Friday, January 5, 2018

Tourism and the Crocker Mosaic Table

Along with purchasing hundreds of paintings and drawings while on their 1870 Grand Tour, Margaret Crocker and her husband Judge E. B. Crocker also collected furniture, sculpture and tapestries from Europe.

Their goal was to acquire objects of fine art to fill their newly renovated home at 3rd and O Streets, thereby bringing some of the old country to the rough and tumble new state of California.
Micromosaic table top, c. 1870
Cesare Roccheggiani
drawn glass tesserae
Crocker Art Museum
Their sojourn, similar to the travels of many other wealthy Americans in the second half of the 19th century, led them through Italy, Germany and the Netherlands, where the couple would identify objects for purchase with the assistance of art agents and gallery curators.

These objects would then be shipped to California, in many instances arriving in North America before the Crockers themselves returned home.
San Francisco Chronicle · Tue, May 16, 1871 · Page 2


This table is attributed to Cesare Roccheggiani, an Italian artist working in Rome who often catered to tourists. Table-top souvenirs such as this one would usually be sold without a base, which probably explains the last sentence in the news article announcing its arrival to the Golden State. 

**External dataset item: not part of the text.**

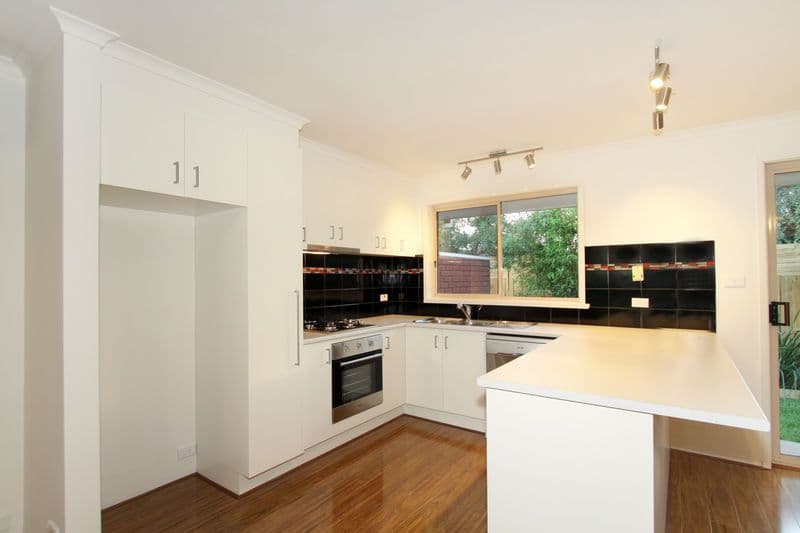 13 Normanby Street, HUGHESDALE VIC 3166, Hughesdale - Thumbnail 4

San Francisco Chronicle · Fri, Aug 4, 1871 · Page 3
In this 1871 San Francisco Chronicle clip, the table is presented almost as though it were a person, with an invitation to the public to attend an open viewing of it. In a new state and a rough and tumble city, the Chronicle, which was only six years old at the time, was already on the cutting edge of culture and arts promotion in California.

Billed as a "beautiful specimen" that cost 10,500 francs -- the equivalent of about $5,000 in 1870 dollars -- this mosaic table top depicts views from the city of Rome, including St. Peter's Cathedral and the Roman Coliseum. Unlike the easily disposable tourist souvenirs one might purchase today, Roccheggiani's work was expensive then and is quite valuable on the contemporary market now.

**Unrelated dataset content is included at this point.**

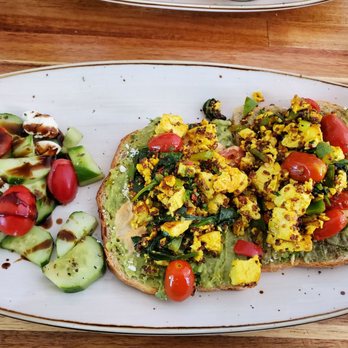 Hatch 44 Cafe - Spicy Avocado Toast with Tofu - Cafes Near Me - Metuchen, New Jersey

Micromosaic table top  c. 1865
Cesare Roccheggiani rosso antico
Piraneseum


For example, one of his micro-mosaic panels recently sold at auction for $32,400. Another object, similar to the table top found at the Crocker, was exhibited at the SFO Museum in 2017, while yet a third large micromosaic has been estimated by Sothebys at valuation over $150,000.

If this micromosaic table is any indication, Margaret Crocker and her husband had a good eye for art and the artists who made them.

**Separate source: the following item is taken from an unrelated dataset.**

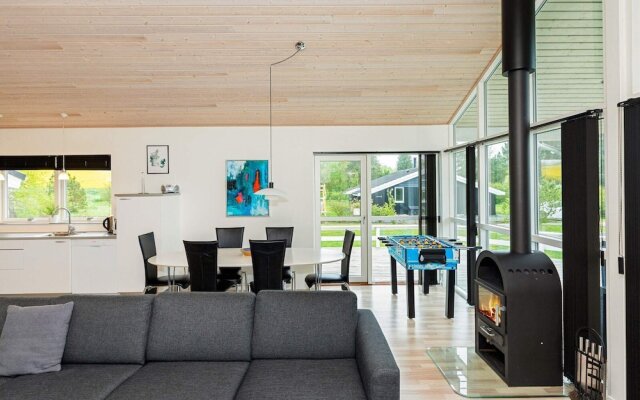 6 Person Holiday Home in Fjerritslev-by Traum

It is likely that the City of Sacramento, to whom the Crockers bequeathed their museum-home and all the art works in it, are grateful that Margaret Crocker did not say, as Mark Twain did upon his return from a Grand Tour in 1869, "I know that an exorbitant export duty is exacted upon all pictures painted by the old masters, in order to discourage the sale of those in the private collections. I am satisfied, also, that genuine old masters hardly exist at all, in America, because the cheapest and most insignificant of them are valued at the price of a fine farm. I proposed to buy a small trifle of a Raphael, myself, but the price of it was eighty thousand dollars, the export duty would have made it considerably over a hundred, and so I studied on it awhile and concluded not to take it."

Had she done so, we would not have one of the finest art museums in California.